A similar perspective given by PricewaterhouseCoopers came to the same conclusion. Based on the thoughts of the world’s biggest power utilities, including Eskom, it said fossil fuels would still provide 57% of the world’s energy by 2030. The official target of the International Energy Agency is 41% by 2035. “Projections fall significantly short of the adjustments needed to limit global warming to an average two degree increase. This will drive temperatures towards 3.5°C,” the report said.

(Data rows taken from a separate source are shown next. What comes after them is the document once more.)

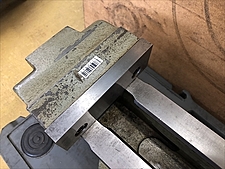 当店近郊配送設置無料！現状☆武田機械☆TK-150HVI-G 油圧マシンバイス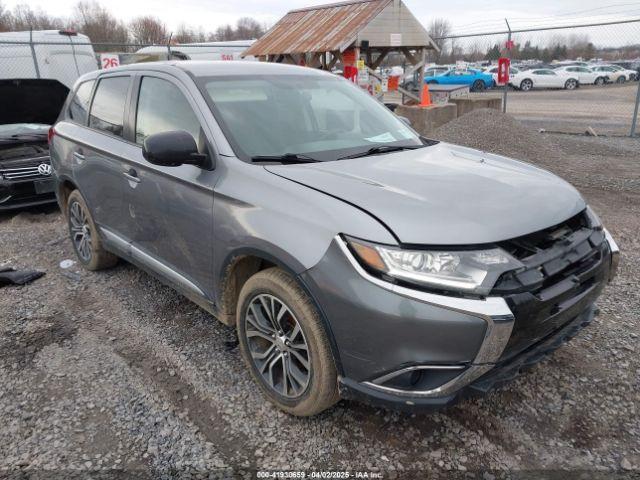  Salvage Mitsubishi Outlander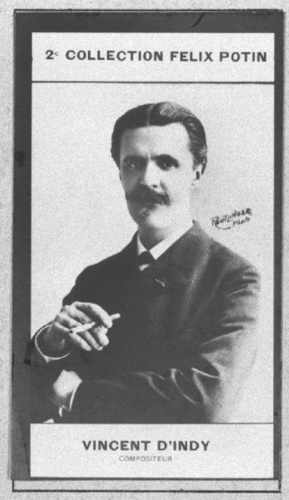 Reutlinger - Vincent d'Indy, compositeur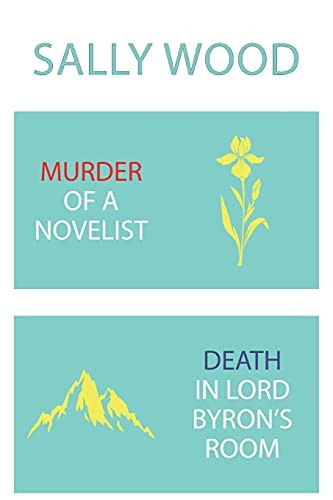 Cover for Murder of a Novelist / Death in Lord Byron's Room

At this temperature the effects become exponential: ice melts, ocean levels and temperatures rise as their currents change course, changing rainfall patterns and seasons in turn, and crops fail. And this is only in one system. The cause célèbre has been the possible melting of permafrost, which could release high levels of methane gas. Being a heavy-hitting greenhouse gas, it traps more of the sun’s rays and heats the planet much more rapidly than carbon dioxide.
South Africa is committed to reducing its carbon emissions by 35% by 2020. To get there it has introduced the national climate change response policy. In launching it, Edna Molewa, minister of water and environmental affairs, said: “Climate change is already a measurable reality and, along with other developing countries, South Africa is especially vulnerable to its impacts.”
Richard Worthington, head of the World Wide Fund for Nature’s climate change programme, said South Africa’s chances of meetings its promises were “very much in play” and only in time would its success or failure become clear. With the national climate change response white paper and moves by the treasury to implement a carbon tax next year, government and business had to get serious motivation and reasons to adapt, he said.
Required emissions
Bleak reports by companies about the impossibility of reaching targets showed “an utter lack of appreciation of either the consequences of their actions, or the options they have for more responsible energy development pathways,” he added. But even if the 450ppm target was exceeded, “we should still endeavour to get back to this level”.
For now, South Africa’s progress is negative. Melita Steele, climate and energy campaigner for Greenpeace Africa, said: “South Africa’s emissions are actually on a sharp upward trajectory because of the irresponsible new investments in coal.”
As the twelfth-largest carbon emitter in the world this meant the country was not doing its part, she said, which was strange given that Africa would be the worst affected continent as temperatures crept up.
“We all face a grave and uncertain future,” Worthington said.